Captioned web images:
*** Block opens ***

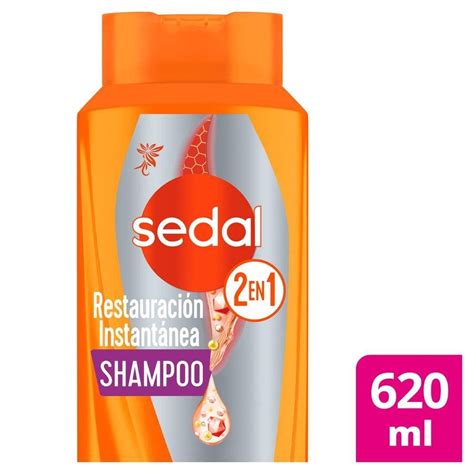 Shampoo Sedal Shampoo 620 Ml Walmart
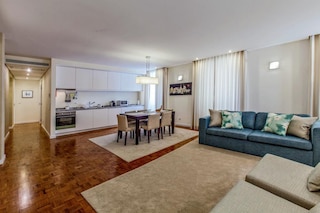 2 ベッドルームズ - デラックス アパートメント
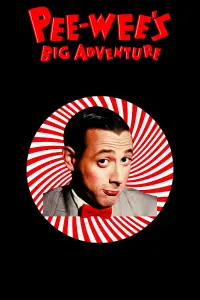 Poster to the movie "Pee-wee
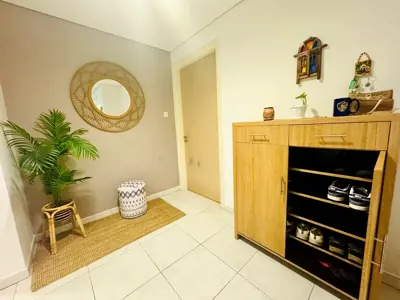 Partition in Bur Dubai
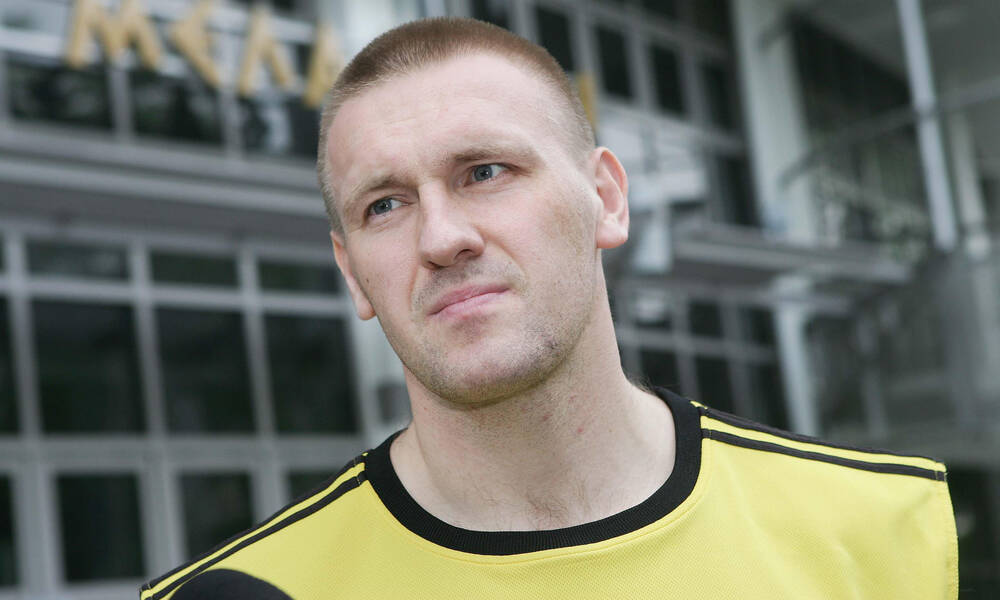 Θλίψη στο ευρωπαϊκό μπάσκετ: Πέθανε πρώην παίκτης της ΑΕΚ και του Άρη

*** Block closes ***

Problem to work on:
Repeat the data exactly, dropping every picture it holds.

Task answer:
 Shampoo Sedal Shampoo 620 Ml Walmart
 2 ベッドルームズ - デラックス アパートメント
 Poster to the movie "Pee-wee
 Partition in Bur Dubai
 Θλίψη στο ευρωπαϊκό μπάσκετ: Πέθανε πρώην παίκτης της ΑΕΚ και του Άρη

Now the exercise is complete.